The Welland Tribune

Man I loved left me alone when I was near death

- ELLIE Advice Columnist

Q: I’ve been with him since I was 18. He’s the only man I’ve ever loved.

Then last year I suddenly came very close to dying of sepsis. We’d been going through a rough time dealing with an unwanted pregnancy which I ended up miscarryin­g due to the sepsis.

However, he went home without even saying goodbye my first night in hospital. He had no compassion for me when I had the procedure to remove the dead fetus, after I miscarried.

After I’d spent a week in hospital, his attitude changed and he came to be with me every day, brought me anything I asked for, said the reality of me not being around had scared him.

I spent five weeks in hospital. Now, five months later, I’m making snide comments to him. I ignore him sometimes when he tells me he loves me.

I keep thinking: “How could you leave me alone when I was in so much pain, or when they told you that in another 12 hours I would’ve been dead?”

“You still left, when OUR baby died, only saying, ‘there’s that problem fixed.’ Why should I forgive that just because you decided you missed me?”

I’m willing to work on our relationsh­ip but when does it start being good again ... or will it ever?

Hospital Nightmare

A: You can’t work on the relationsh­ip and punish your husband. It’s true that he reacted badly/coldly to your miscarriag­e, even if the pregnancy was unplanned. But he tried hard to redeem himself when he realized the mortal danger you’d been in from sepsis.

Meanwhile, you’re experienci­ng the emotional/psychologi­cal whammy of having faced death, and also mourning the miscarriag­e. These are strong blows affecting you both, requiring healing. Work on your- self, and suggest he does the same, to accept the fears, pain and anger, too, that you each felt.

You’d benefit from couples counsellin­g if you both acknowledg­e that this is a turning point in your relationsh­ip.

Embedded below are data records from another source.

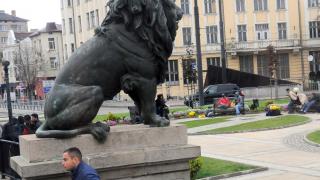 Страховит инцидент край столичния Лъвов мост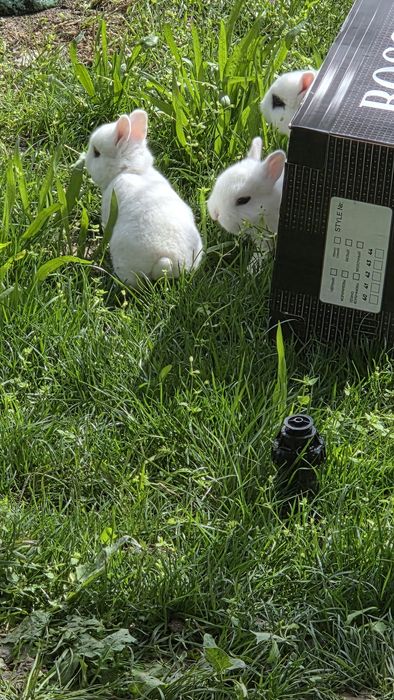 Карликовые кролики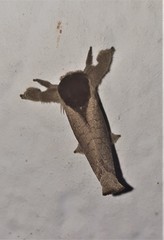 Lebedodes rufithorax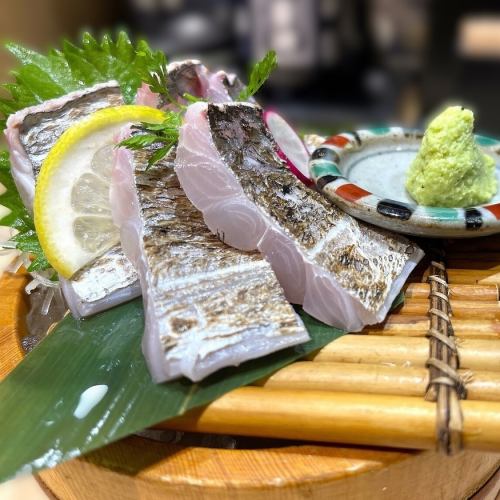 太刀魚炙り造り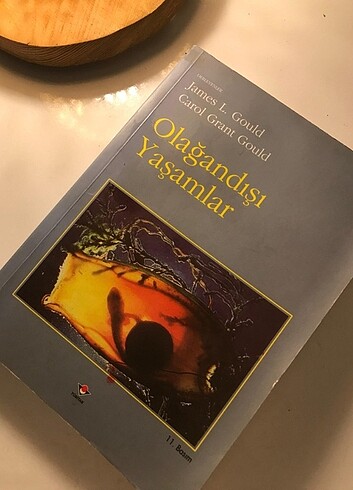 Olağan dışı yaşamlar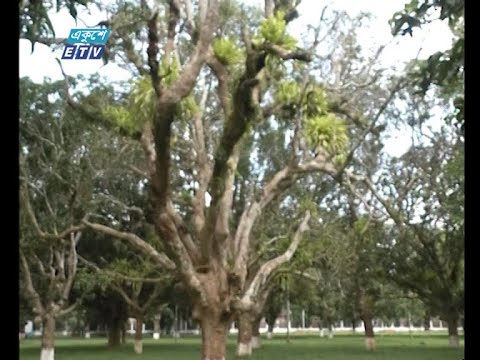 হারিয়ে যাচ্ছে ঐতিহাসিক মুজিবনগরের আম্রকাননের গাছগুলো | ETV News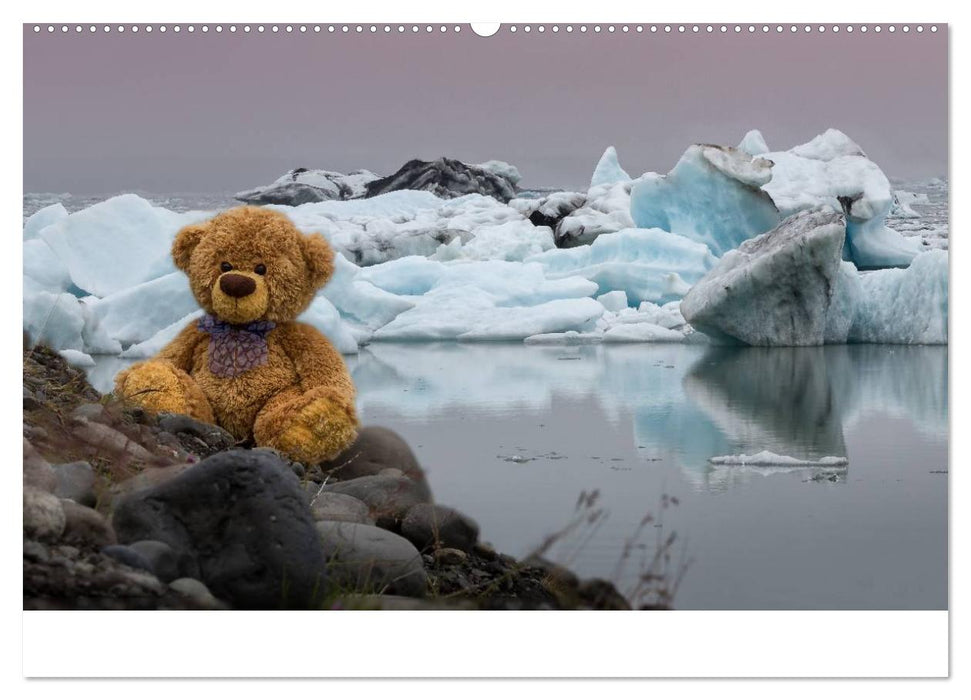 Travelling Teddy 2025 (CALVENDO Wandkalender 2025)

Q: We arrived home from our vacation in Greece. Our two-year-old was hungry, tired, dirty, as was I.

My mother-in-law opened my door. I had no idea my in-laws would be there.

I was very angry when I saw sheets and my sweater, left in the kitchen, now destroyed with blue food colouring.

My father-in-law said his wife had been searching for something. My husband was in our bedroom, which his parents had occupied, with his mother. It was 2 a.m.

Next morning, I stripped the linens though my MIL said they wouldn’t be leaving until the next day.

My husband said that was OK with him, but I insisted they get out immediatel­y. I wanted to settle our son and myself to make sure he was OK for his daycare. My husband wouldn’t speak to me and spent the morning with his parents.

I’m angry and frustrated. I intend to divorce my husband now because this pattern has been developing since we married. Is this extreme?

In-law Invasion

A: Every adult and action in this story seems “extreme.” Your in-laws obviously had a key to your house and had been told they could use it while you’re away.

If your husband kept that secret from you, the relationsh­ip between you and your in-laws was already strained. And the one with your husband isn’t honest.

Rushing to divorce is, neverthele­ss, an extreme step to take, especially with a twoyear-old involved ... unless the “pattern” you describe involves your husband and in-laws always doing as they please without considerin­g you as his equal partner. Ellie’s Tip of the Day

Dramatic illness can upset a relationsh­ip through fear, hurt and anger.